§ THE INPUT
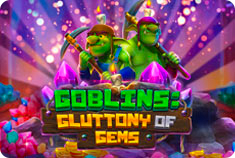 Reykjavik Goblins: Gluttony of Gems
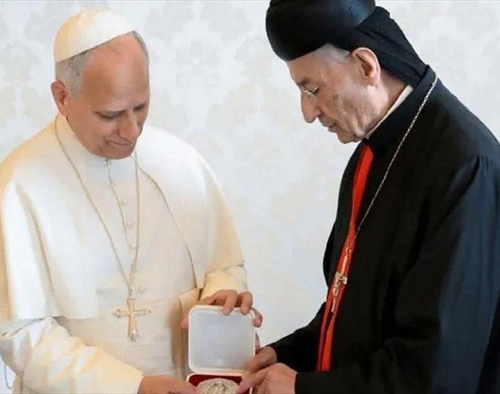 رسالة من البابا إلى الراعي... ما مضمونها؟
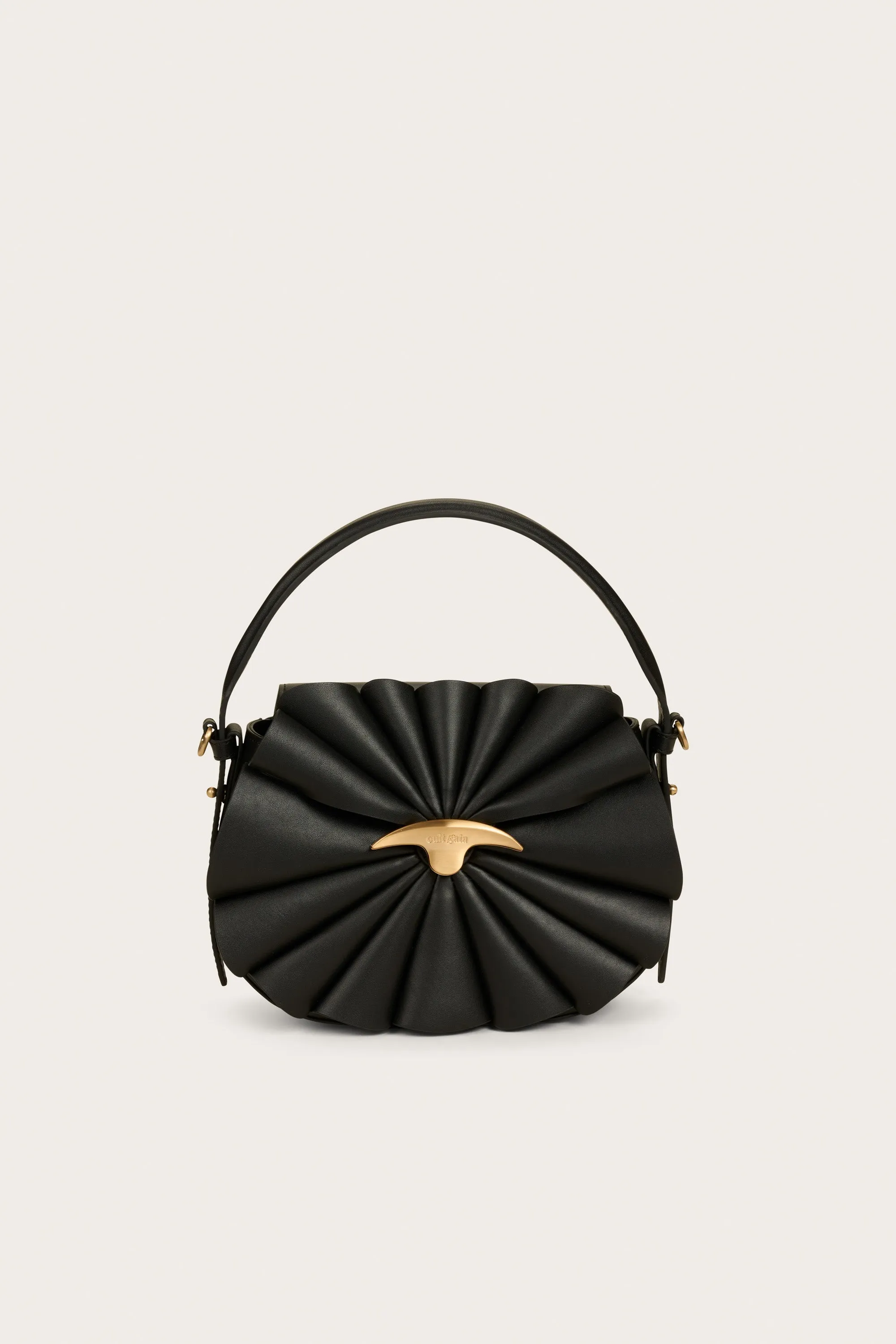 JANINE CROSSBODY BAG - BLACK sold by Cult Gaia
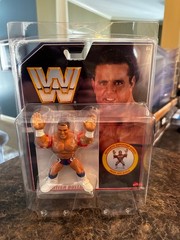 22 Figure Defender Protective Cases Single Retro Wrestling Figure Accessories
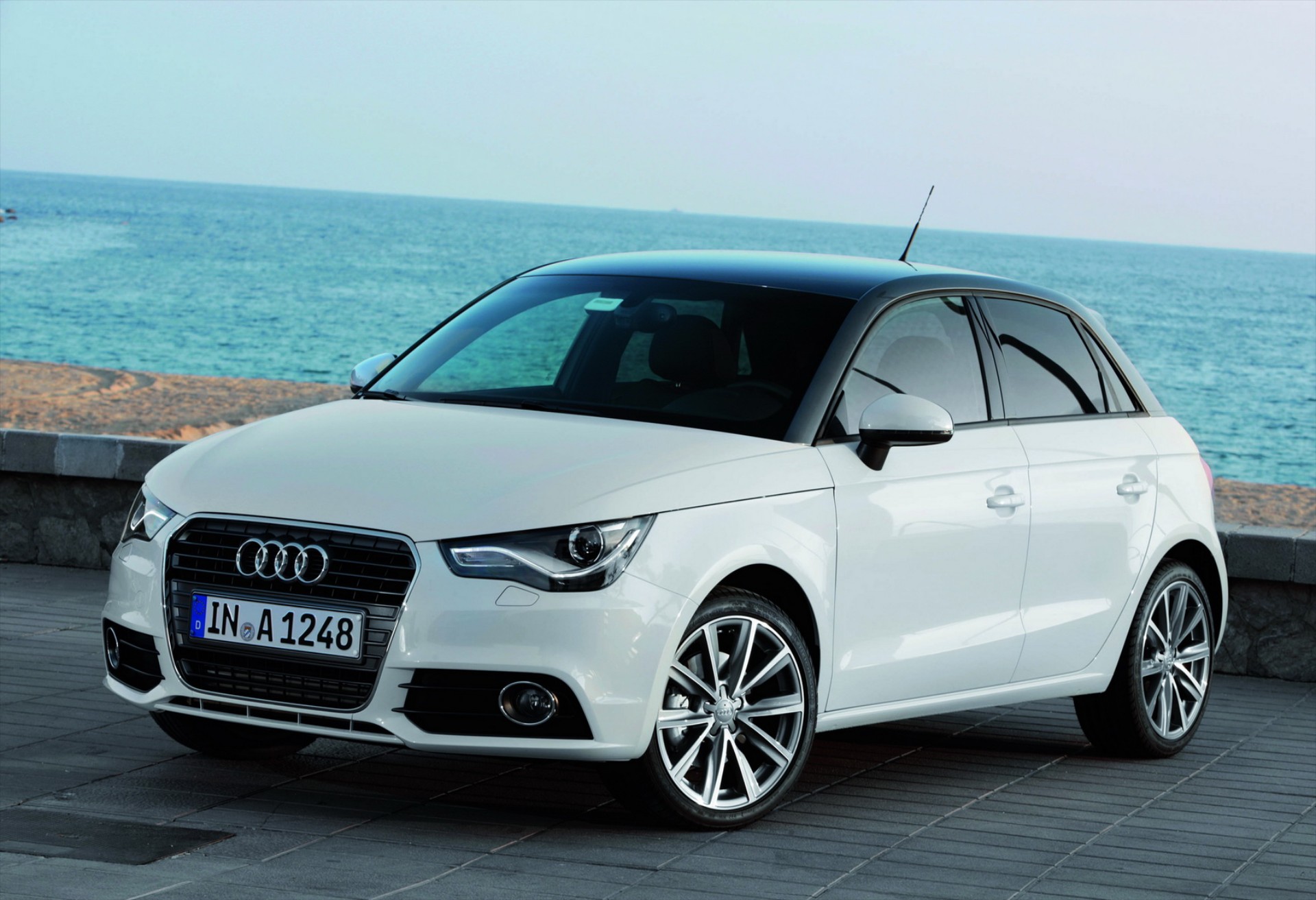 Audi A1 Admired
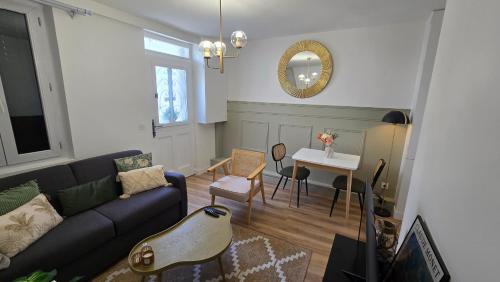 L'alcôve enchantée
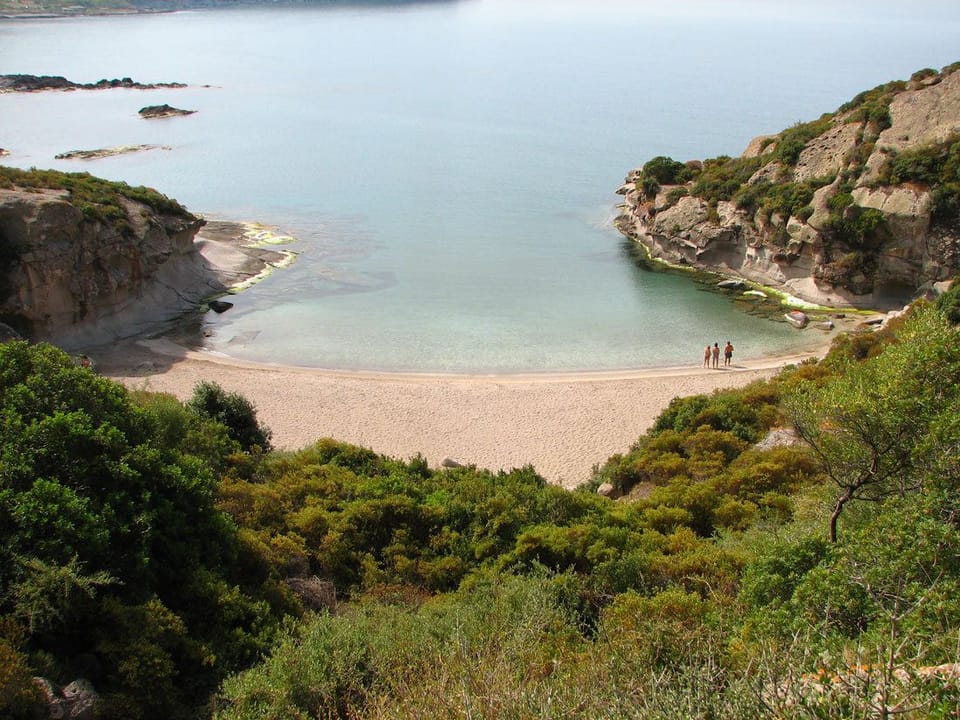 Locanda Minerva Hotel in Sardinia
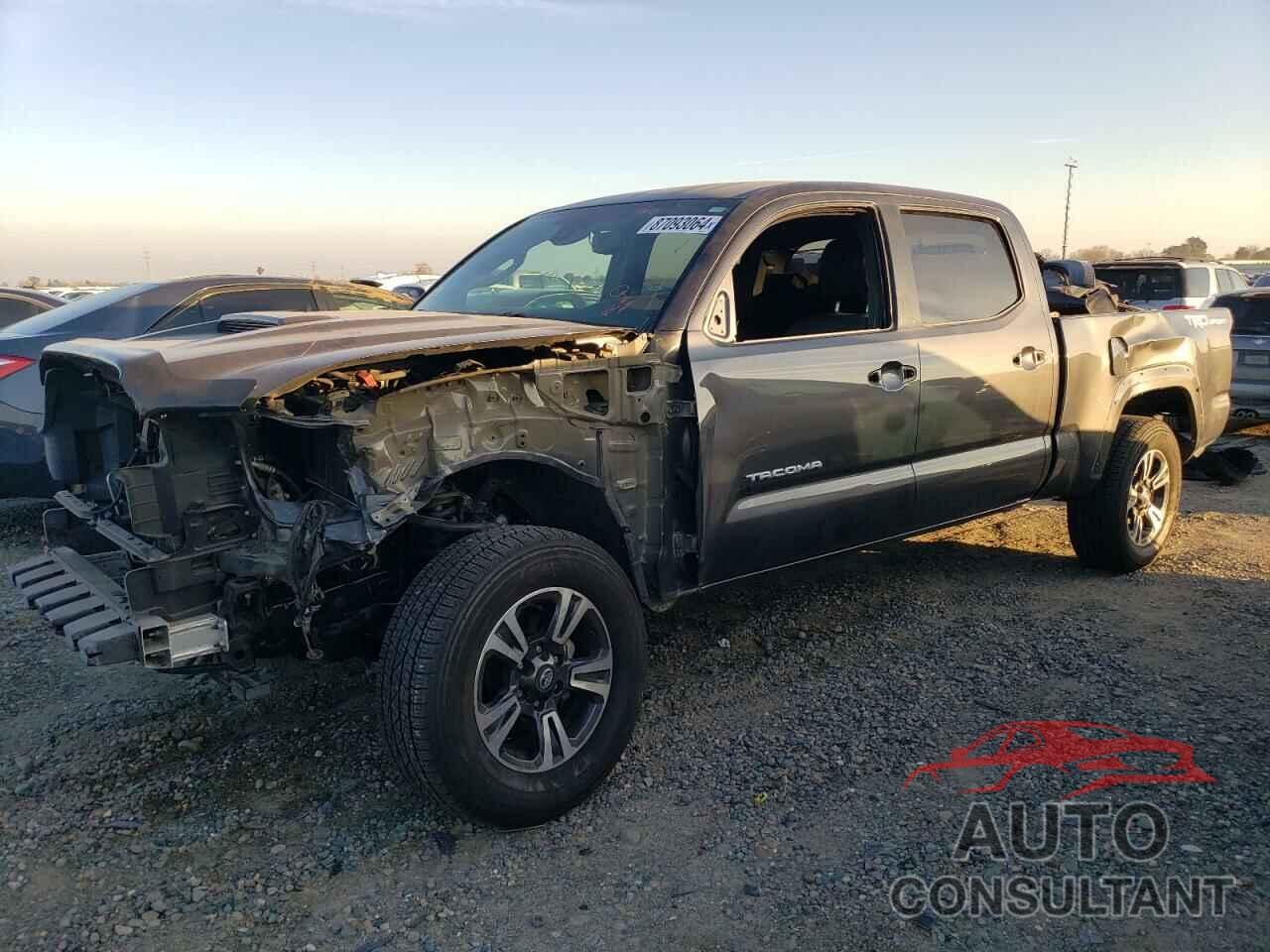 TOYOTA TACOMA 2018 - 3TMBZ5DN2JM014983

§ WHAT YOU WILL DO
Look for the line that contains "رسالة من البابا إلى الراعي... ما مضمونها؟", then please copy it and the rest of the lines through the end of the data, pictures excluded.

§ REPLY
 رسالة من البابا إلى الراعي... ما مضمونها؟
 JANINE CROSSBODY BAG - BLACK sold by Cult Gaia
 22 Figure Defender Protective Cases Single Retro Wrestling Figure Accessories
 Audi A1 Admired
 L'alcôve enchantée
 Locanda Minerva Hotel in Sardinia
 TOYOTA TACOMA 2018 - 3TMBZ5DN2JM014983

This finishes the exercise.